Gli autotrasportatori in parte si sono adeguati alla riconversione, anche se fino a metà marzo hanno continuato a distribuire le scorte. Dall’11, poi, con la chiusura delle attività commerciali e il divieto di uscire di casa per «futili motivi», i brand del fashion hanno spostato le vendite online. E alla logistica delle boutique si è sostituita quella di internet, soprattutto per la produzione straniera.
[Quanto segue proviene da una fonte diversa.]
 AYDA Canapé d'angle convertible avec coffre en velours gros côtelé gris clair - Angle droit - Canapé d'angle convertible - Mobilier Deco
Un giro d’orizzonte della rivista Grazia ha rivelato che a fine marzo, la spagnola Zara, il colosso svedese del low cost H&M, il marchio spagnolo Mango, il tedesco Zalando hanno confermato di proseguire la loro attività, mentre Amazon ha deciso di privilegiare – in Italia e in Francia – i beni di prima necessità, ma senza rinunciare a distribuire i prodotti stoccati all’estero.
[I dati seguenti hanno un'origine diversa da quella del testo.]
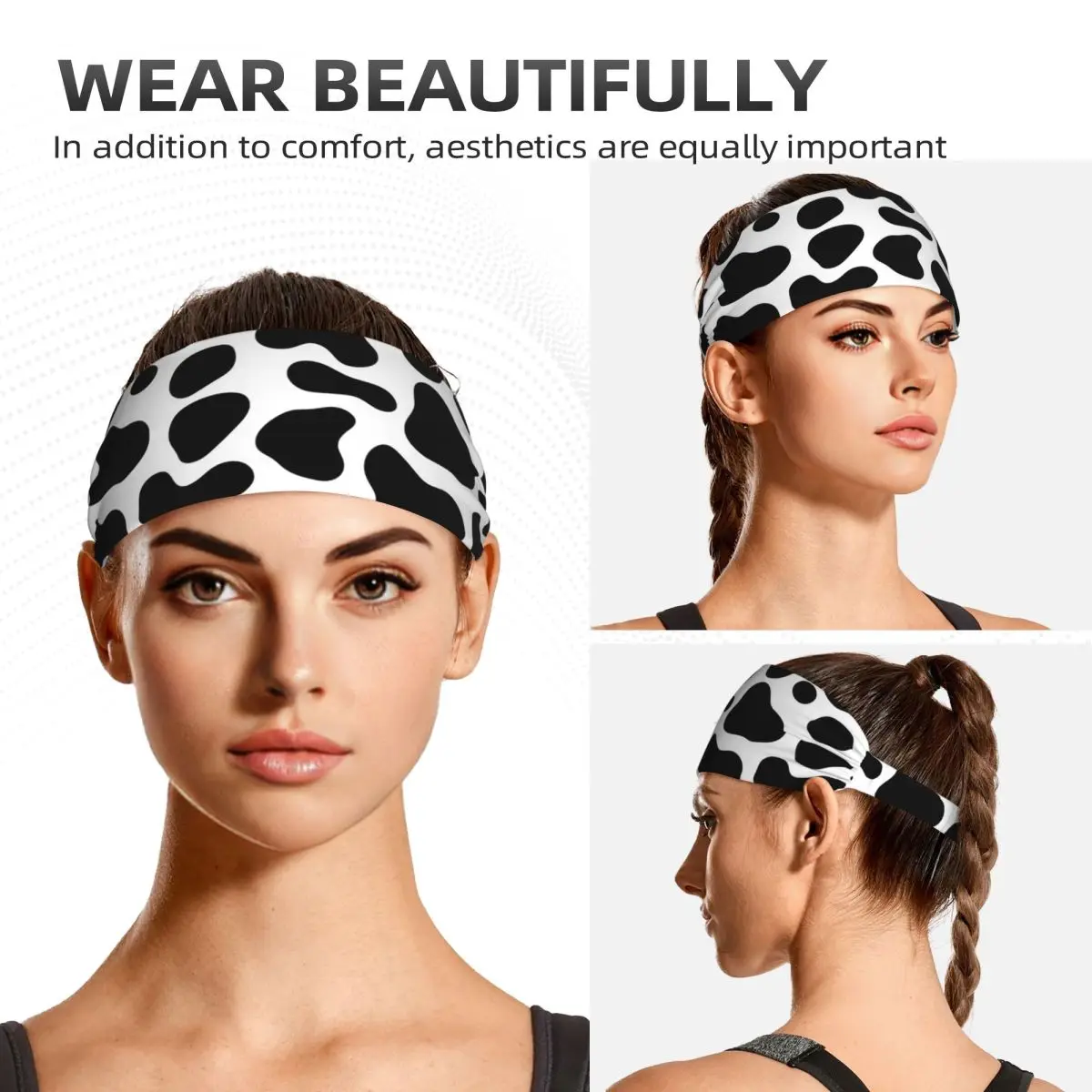 Cow Spots Animal Print Unisex Elastic Sports Sweat Headbands Sweat Wicking Soft Hair Bands for Gym Yoga Running Fitness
Ma anche la logistica di internet ha bisogno di autotrasporto e – anche se l’ultimo miglio è affidato ai corrieri – per portare la merce ai centri di distribuzione, il camion uno spazio se lo è ritagliato, tanto più se l’operatore si muoveva già prima nello stesso settore. Tant’è che il calo dell’attività nel trasporto di fashion è stimato intorno al 50%.
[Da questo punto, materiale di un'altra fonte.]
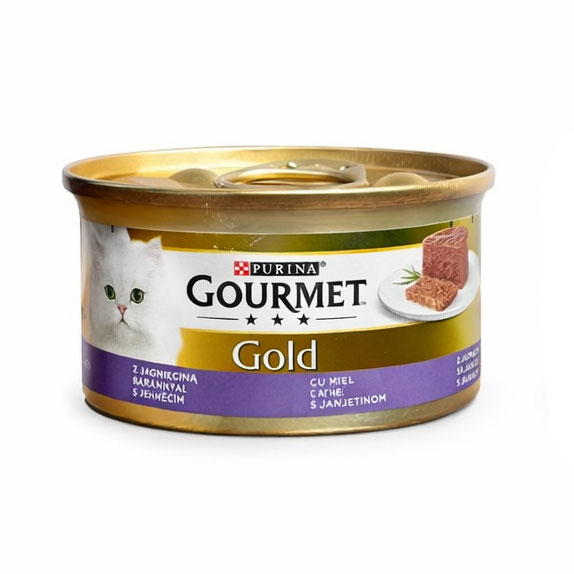 کنسرو گربه گورمت با طعم بره Gourmet Gold with Lamb وزن 85 گرم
FERMI I MOBILI E PURE I TRASLOCHI
Chi sta peggio sono i trasportatori di mobili. L’anno scorso la produzione del comparto era salita a quasi 22 miliardi, per oltre un terzo realizzato in export. Ora, con le fabbriche bloccate e i negozi di arredo chiusi, è tutto fermo. Alfonso, monoveicolare specializzato in trasporto cucine, azienda alle falde del Monte Amiata, che è una sorta di distretto del mobile, scuote la testa. Racconta di come ha curato il suo camion per adeguarlo a un carico di mobili: rifiniture con ovatta pressata contro l’umidità, materiali antisdrucciolo sul pavimento e così via. Se non trasporta mobili, può caricare altro materiale purché in scatoloni di cartone. Ma non trova nulla. Non gli resta che aspettare i 600 euro del governo. «Non ci pago neanche i contributi», osserva desolato. E i 25 mila euro di finanziamento? «Mica sono a fondo perduto. È un prestito che prima o poi bisogna restituire. Ma se non c’è lavoro come si fa a restituirli?».
SOLIDARIETÀ
AIUTA IL TRASPORTATOR CHE T’AIUTA
I «grazie» rivolti all’autotrasporto sono arrivati da più parti. Qualcuno ha fatto anche qualcosa di più, unendo alle parole anche qualche fatto. Per esempio, MAN Truck & Bus Italia e il Gruppo A4 Holding (gestore delle A4 Brescia-Padova e A31 Valdastico) hanno deciso di offrire ai trasportatori in sosta o in transito presso l’Autoparco Brescia Est la possibilità di usufruire gratuitamente di una doccia calda e di un caffè recandosi all’Infopoint della struttura e richiedendo la necessaria tessera magnetica. In Germania, UTA (carte di servizio) e DocStop (organizzazione per la cura dei conducenti) aiutano gli autisti ad accedere gratuitamente a servizi igienici e docce con la campagna SaniStop. Poiché molte aree di sosta tedesche hanno limitato l’accesso a bagni e strutture sanitarie, stazioni di servizio, distributori di carburante e altre aziende forniscono tutti i giorni in 150 punti del paese l’accesso a servizi igienici e docce.
Infine, il Consorzio autostrade siciliane ha sospeso il pedaggio sulle infrastrutture isolane a tutti gli utenti, compresi gli autotrasportatori.